Absolutely, I agree. It seems to me that any freedom-loving American should also agree. Bill Gates didn't make any secret of the fact that Netscape was a competitor. In his Monday response, he said, "Let me be very clear on something: Netscape chose to position themselves and their product as a head-to-head competitor with Microsoft." He went on to say that Netscape and Sun et al made statements which indicated that their game plan was to develop Java to the extent that eventually it would render the Windows OS useless, making it fail in the marketplace.

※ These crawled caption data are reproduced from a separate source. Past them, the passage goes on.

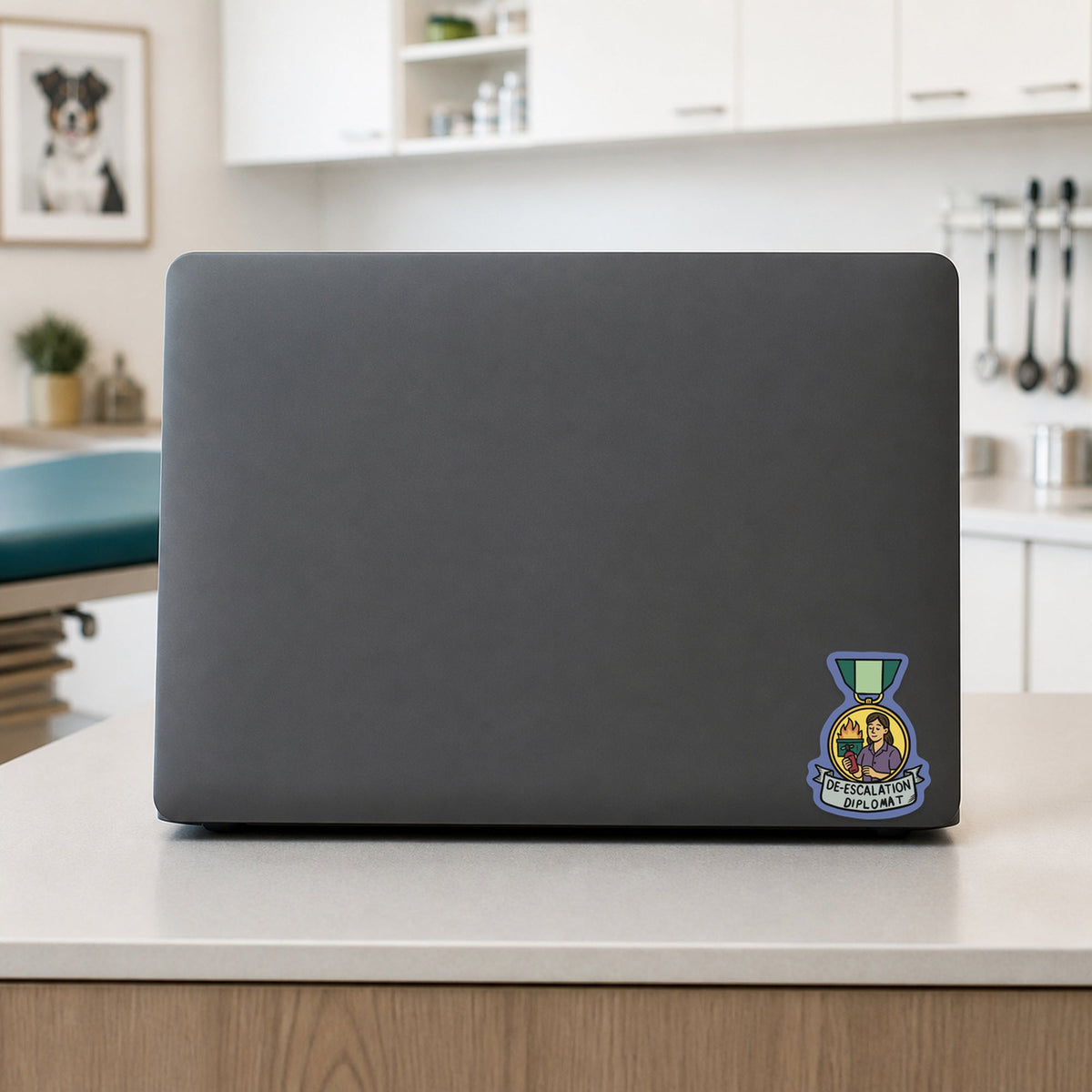 🕊️ De-Escalation Diplomat – Funny Vet Award Sticker shown on a veterinary clinic laptop
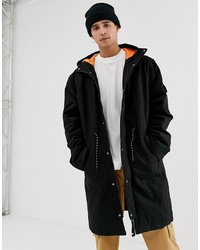 Collusion Parka Jacket In Black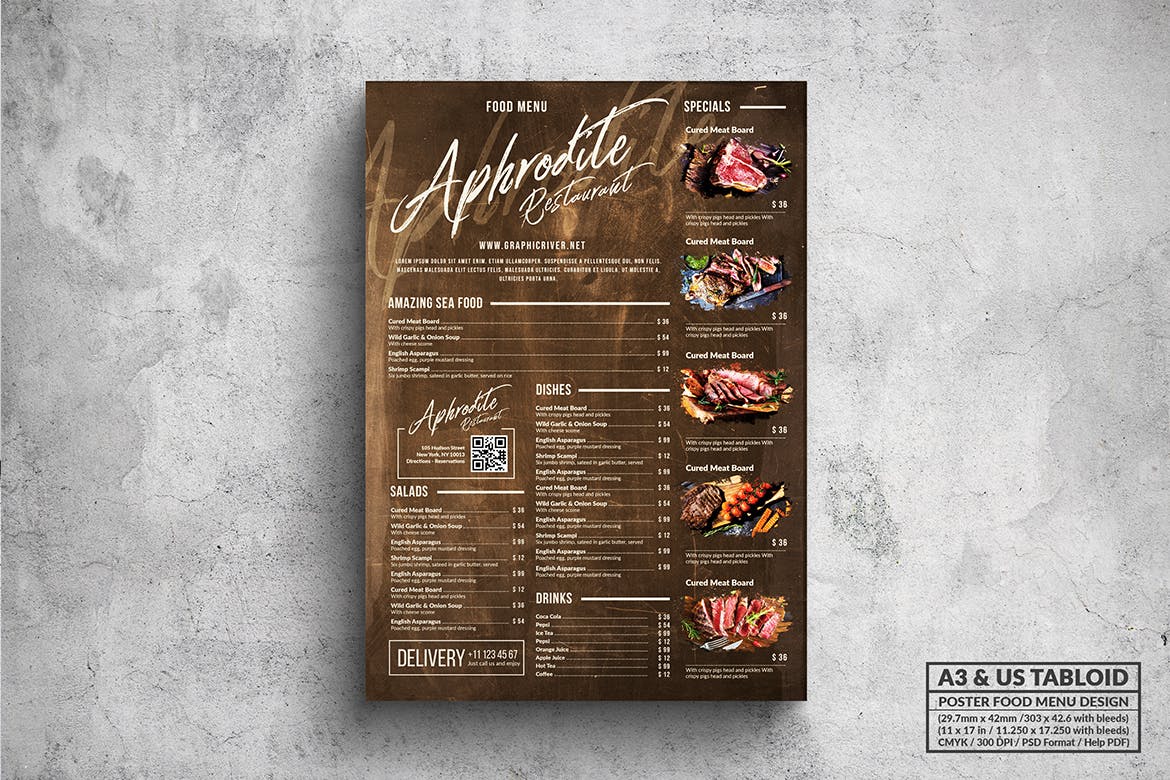 复古设计风格烤肉餐厅菜单海报模板 Vintage Old Food Menu – A3 & US Tabloid Poster插图(1)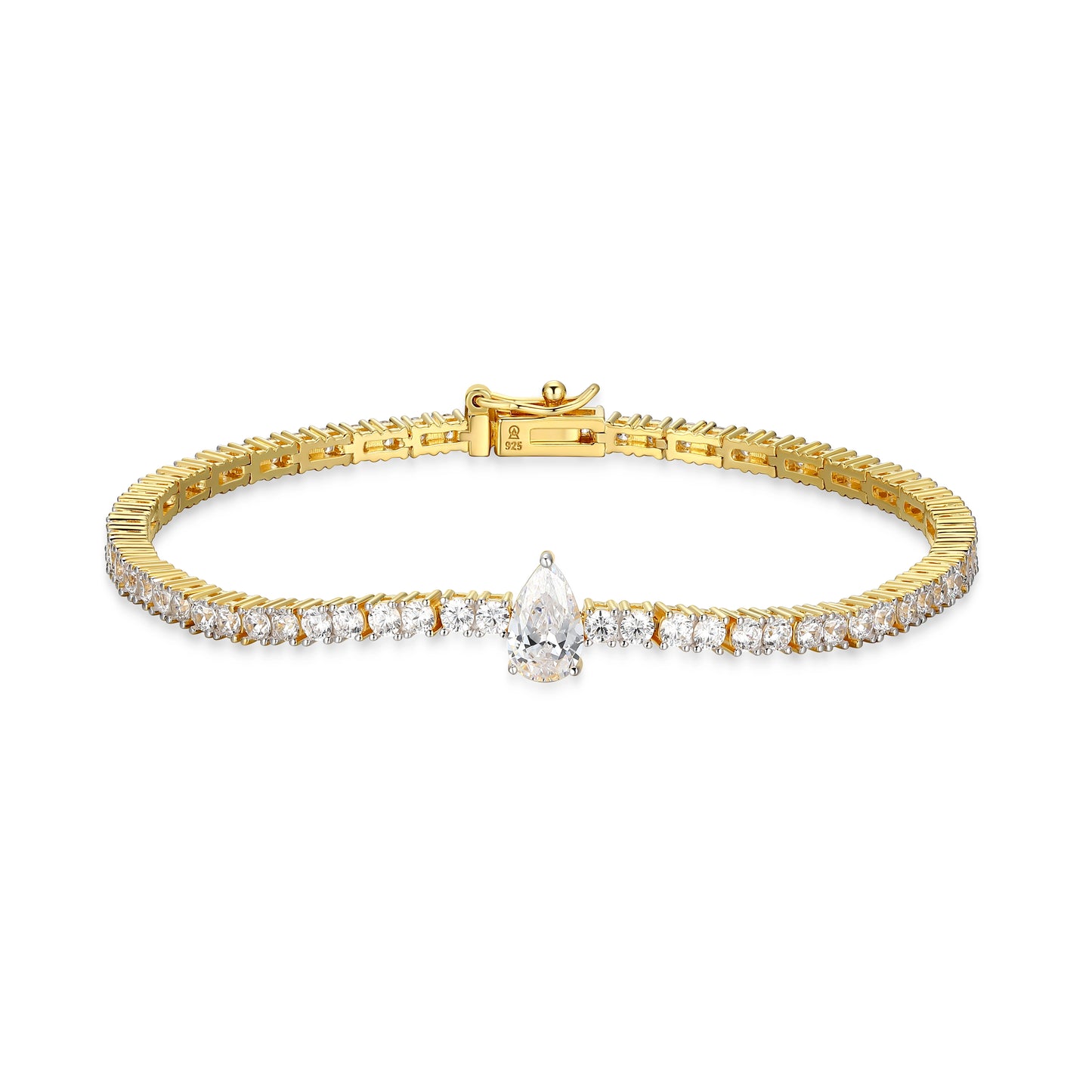 Bezel Lab-Created Diamond Yellow Gold And Rhodium Plated Bangle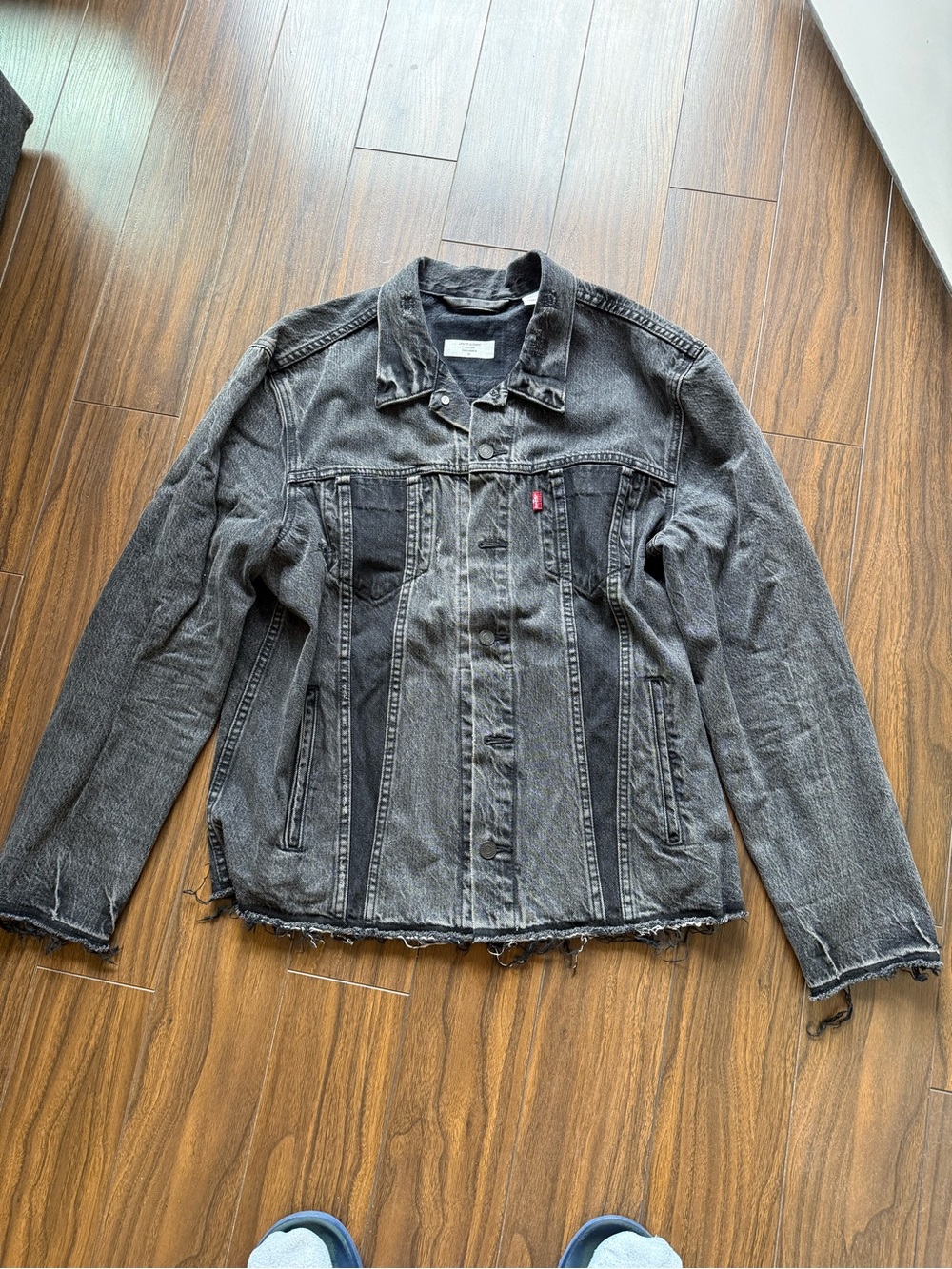 Levi's Washed Black Denim Jacket with Frayed Hem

Now I personally think that this is all just your normal competitive positioning amongst competitors. People make wild speculative statements. But it does show that Microsoft had essentially been "put on notice". What was Microsoft supposed to do, roll over and die? Certainly they are higher quality people than that. They have spirit, and don't shrink from challenges. So yes of course, Microsoft got very competive wrt Netscape, but that's not illegal.

And like you say, even if everything else is put aside, where the DOJ will lose is that MSFT has a right to improve it's products for whatever reason they want to - even if one of those reason is to compete in the marketplace (the DOJ has people thinking that competing in the marketplace with a better product is some kind of crime. Incredible).



To: dumbmoney who wrote (7926)5/24/1998 7:36:00 PM
From: Hal Rubel  Read Replies (1) | Respond to of 74651
 
Rights Under the Law

RE:'Microsoft has an absolute right under the law to make the best product they can."

Actually, this is a fake issue:
Used mostly in arguments to gloss over the use of illegal business practices disguised as technical necessities.